Las críticas al modernismo arquitectónico habían empezado mucho antes. A finales de los sesenta Robert Venturi promulgó a la complejidad y la contradicción como valores supremos de la arquitectura —mismos que supuso ausentes en la mayor parte de la arquitectura moderna canónica. Huxtable cita también el libro de Peter Blake Form Follows Fiasco, publicado diez años después del de Venturi. El índice del libro de Blake es contundente al enlistar una serie de fantasías modernas: la función, la planta abierta, la pureza, la tecnología, la ciudad ideal, la movilidad y otras más. El lado positivo de esas revisiones de la modernidad, a la que se sumaban, dice Huxtable, algunos “modernistas arrepentidos y vueltos a nacer,” el más notable o, de menos, notorio de ellos Philip Johnson, fue la evaluación de ese periodo ya no como un movimiento unitario y sin rupturas internas sino, al contrario, un conglomerado de posiciones e ideologías, algunas de las cuales habían sido consciente o inconscientemente dejadas al margen por las historias oficiales. “La arquitectura de los pasados cien años resulta que es más vareada y en buena medida mucho más interesante y compleja que lo que los historiadores oficiales y creadores del gusto han suscrito o permitido.” Con todo, como “desafortunadamente la historia no sólo se repite sino repite sus errores,” el nuevo movimiento tuvo hacia los modernos la misma desconsideración que éstos con sus antecesores: tiraron el agua sucia junto con el niño. Aunque el posmodernismo tenía en el fondo una manga más ancha que el modernismo que rechazaba. Escribió Huxtable:
El posmodernismo simplemente se a convertido en una especie de etiqueta-sombrilla para cualquier cosa que empiece rechazando los principios y las prácticas del modernismo. Más allá de eso, es una licencia para cazar: formas, decoración, significado; sus fuentes están cerca o distantes en el pasado y sus valores, que se alejan de la sociedad y se adentran en gustos y preocupaciones personales, son primordial y casi exclusivamente estéticos.

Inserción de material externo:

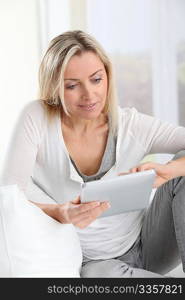 Blond woman using electronic tablet at home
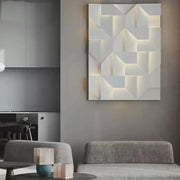 Modern white geometric wall lamp with illuminated recessed panels creating a three-dimensional angular pattern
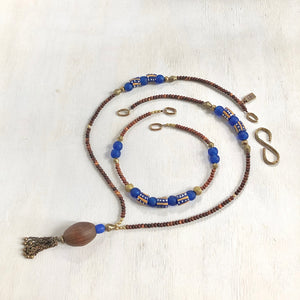 Hand painted blue yellow African beads with vintage olive wood pendant long necklace. Cristina Tamames Jewelry Designer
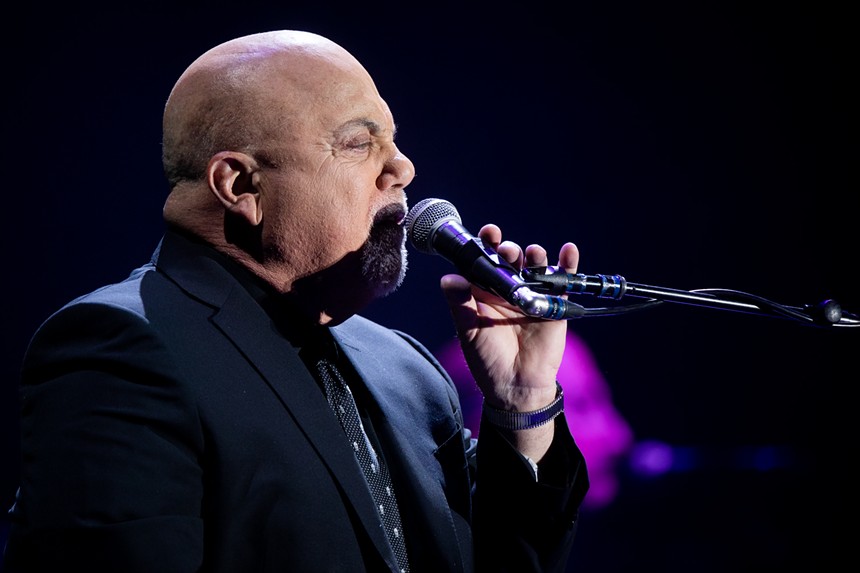 Rock 'n' roll legend Billy Joel singing into a microphone.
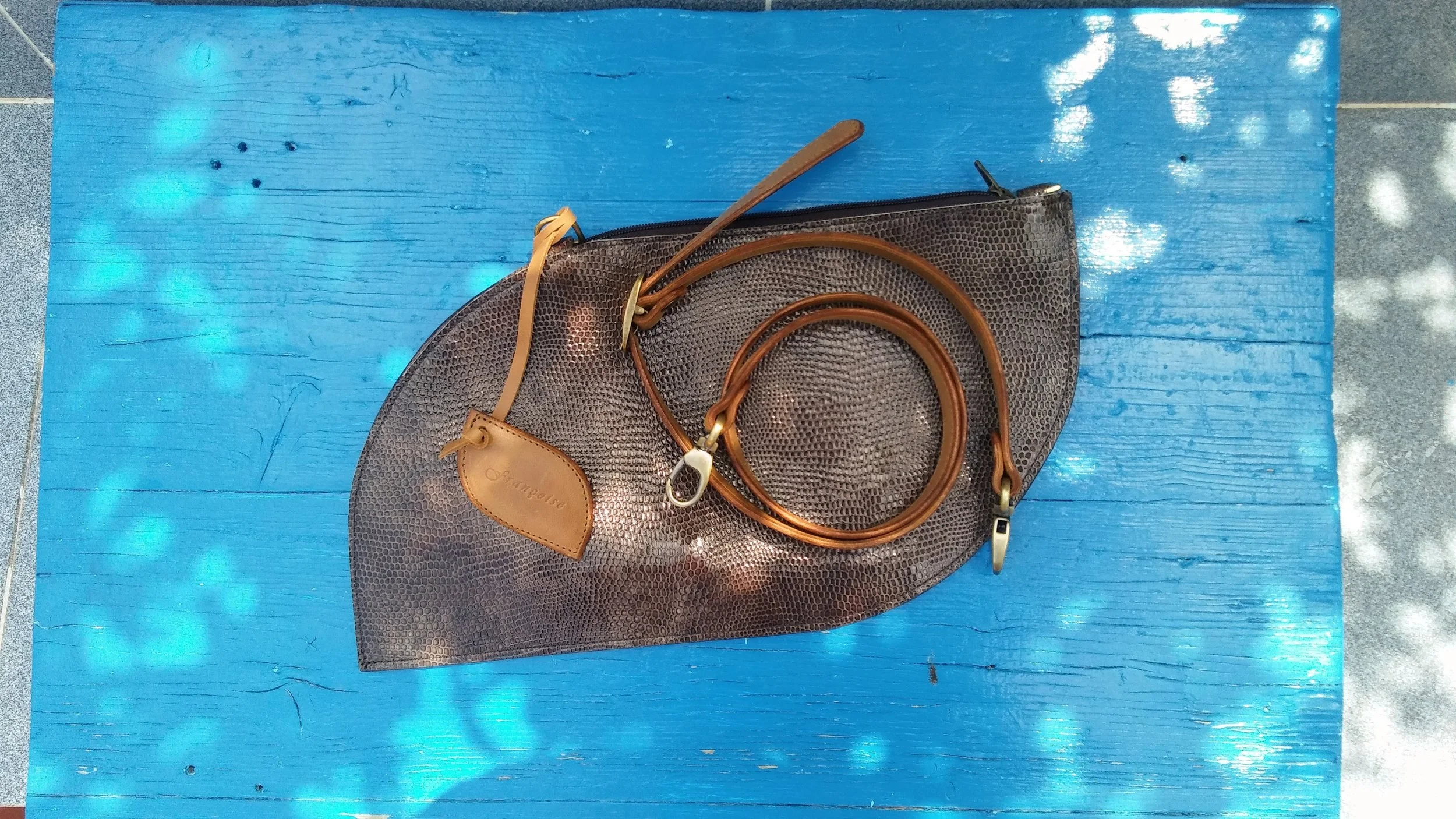 Françoise Crossbody leather handbag  Brown crocodile-patterned Françoise Cross Body leather handbag with brown leather belt, placed on a bright blue painted wooden surface. 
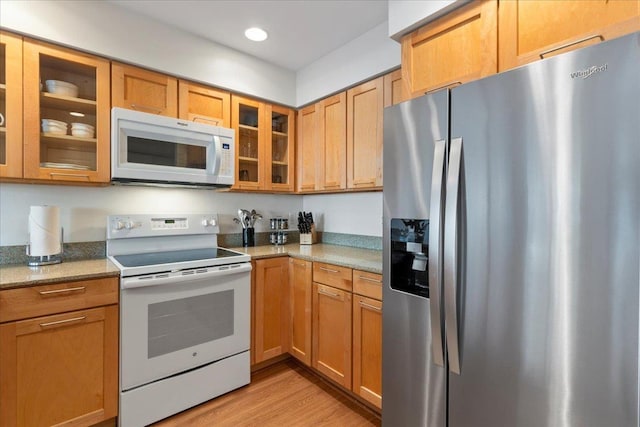 kitchen with white appliances, light stone countertops, and light wood-type flooring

Tal como lo explicó Huxtable, el posmodernismo no terminó cuando se acabó la moda del neoclásico de tablarroca y otros guiños, sino que, con otras formas, tan estrambóticas pese a que pretendidamente eran neomodernas, continúo haciendo estragos. Probablemente apenas ahora estemos empezando a rechazarlo, empalagados. Lo que Ada Louis Huxtable dice de un par de edificios que Ricardo Bofill había construido en Francia —el Viaducto en Saint-Quentin-en-Yvelines y Les espaces d’Abraxas en Marne-la-Vallée—, que son “diseños realmente novedosos y dramáticos, pero perturbadores,” sueños no tan inocentes de una grandiosidad imposible, como la imaginó Morris Lapidus, pero donde “la fantasía ingenua se había transformado en manipulación consciente y conocedora” llevada a “una escala monstruosa,” se podría decir de buena parte de los ejercicios post-postmodernos de los starchitects más renombrados. Una imagen del pop-siniestra, dice Huxtable, en la que “con calma, confianza y excesivo derroche se destruyen el significado y el estilo de la arquitectura.”
Huxtable terminaba diciendo que no se trataba de un problema de modernismos contra posmodernismos, sino de edificios insignia que no eran suficientemente buenos. “Cuando los arquitectos tienen éxito creando lugares mediante el control estético de la realidad física y estructural, dice, cuando usan su arte para proveer «innumerables oportunidades para la participación humana» y darnos la sensación de dignidad y valor, se alcanzan momentos trascendentes y civilizatorios.” Ese problema data desde el inicio de la arquitectura, agrega, y de ahí la necesidad, seguramente, de reconstruir, no en 1983 ni hoy sino constantemente, la arquitectura.